Echt thuis voelt Ledig zich niet in het literaire wereldje en bovendien wordt zijn tweede roman Vergeltung (1956, vertaling 2001), veel minder positief ontvangen. In dat boek heeft hij het procédé waarbij synchrone gebeurtenissen op een mozaïekachtige wijze worden gemonteerd geperfectioneerd, en hiermee een ademstokkend verslag van een luchtbombardement geschreven. Deze nietsontziende, nihilistische beschrijving van de hel gaat de meeste critici te ver, wat ook geldt voor zijn derde roman, Faustrecht (1957), waarin enkele mannen op de puinhopen van het naoorlogse Duitsland proberen te overleven door middel van kleine criminaliteit.
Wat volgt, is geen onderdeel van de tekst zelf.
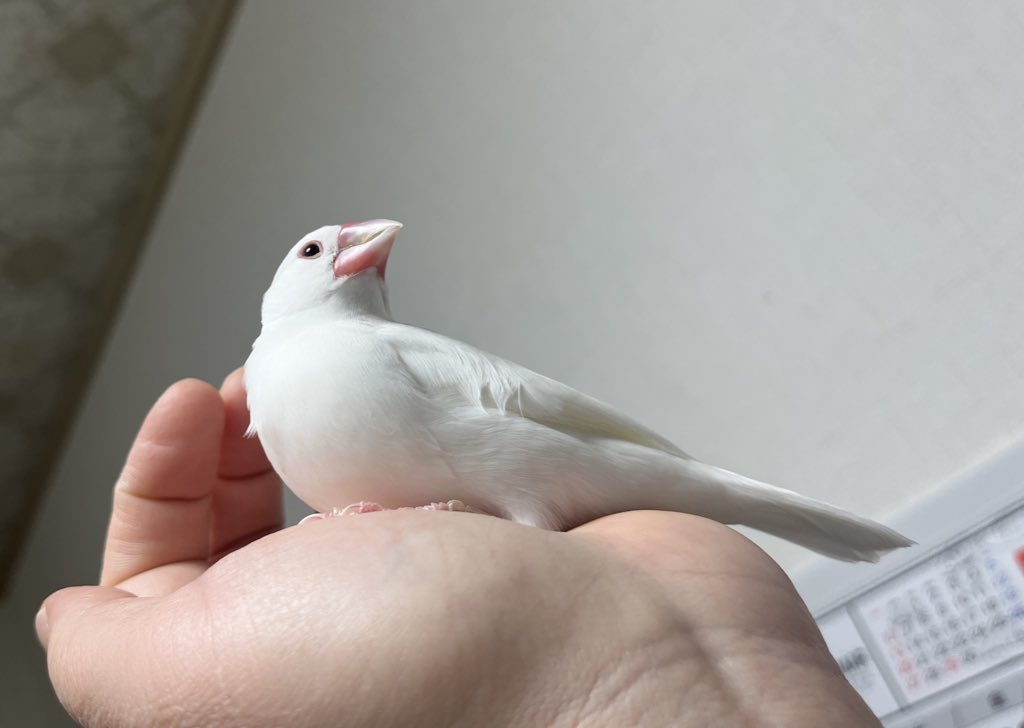 シロちゃん うちのシロちゃん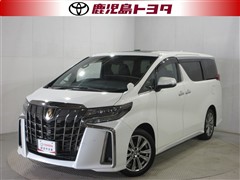 アルファード Sタイプゴールド3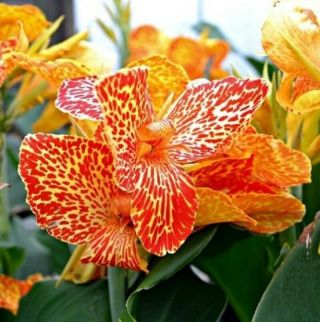 Canna Lily Bulbs Perennial Fragrant Tropical Flower Rare Resistant Landscape Hot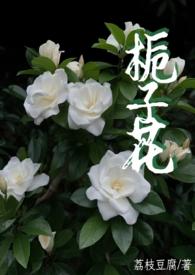 栀子花gl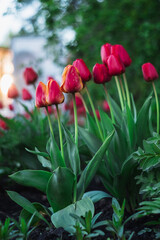 Red tulips with an orange border in the botanical garden on a blurred background in sunset lighting.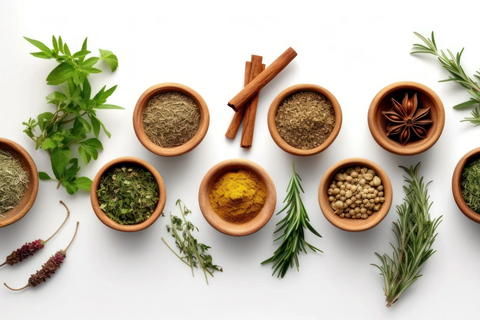 5 Powerful Ayurvedic Herbs You Should Add to Your Health Routine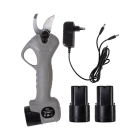 Talen Tools Accu snoeischaar | Talen Tools (Koffer, 16.7V, Incl. 2 accu’s en lader) EF191 K170116834 - 2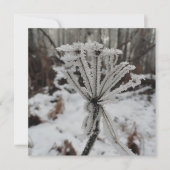Winterfrost auf Pflanze im Wald Feiertagskarte (Vorderseite)
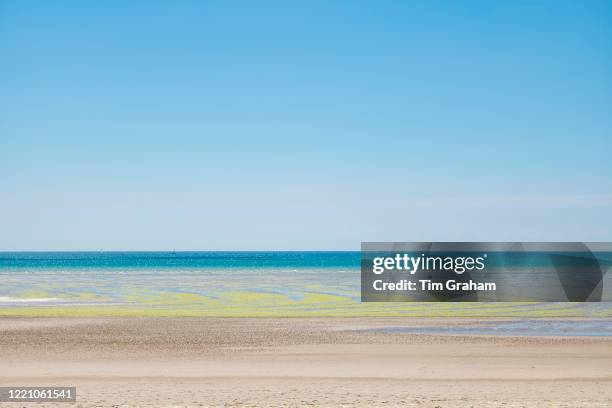 Seaweed forming geometric shapes on sandy beach at St Aubin's Bay, Jersey, Channel Isles.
Gedesillusioneerd neemt Ledig afscheid van de literatuur. Ondanks het succes van Het stalinorgel raakt hij in de vergetelheid, en pas kort voor zijn dood in juni 1999 wordt hij herontdekt door een literatuurwetenschapper die onderzoek verricht naar romans waarin de bombardementen op Duitse steden zijn beschreven. Hoewel er in Duitsland weerstand bestaat tegen boeken waarin het lijden van de Duitse bevolking wordt beschreven, omdat dit volgens sommigen een «relativering van Auschwitz» zou betekenen, komt men er al snel achter dat de waarde van Ledigs boeken niet alleen wordt gevormd door hun documentaire karakter, maar tevens door hun literaire klasse.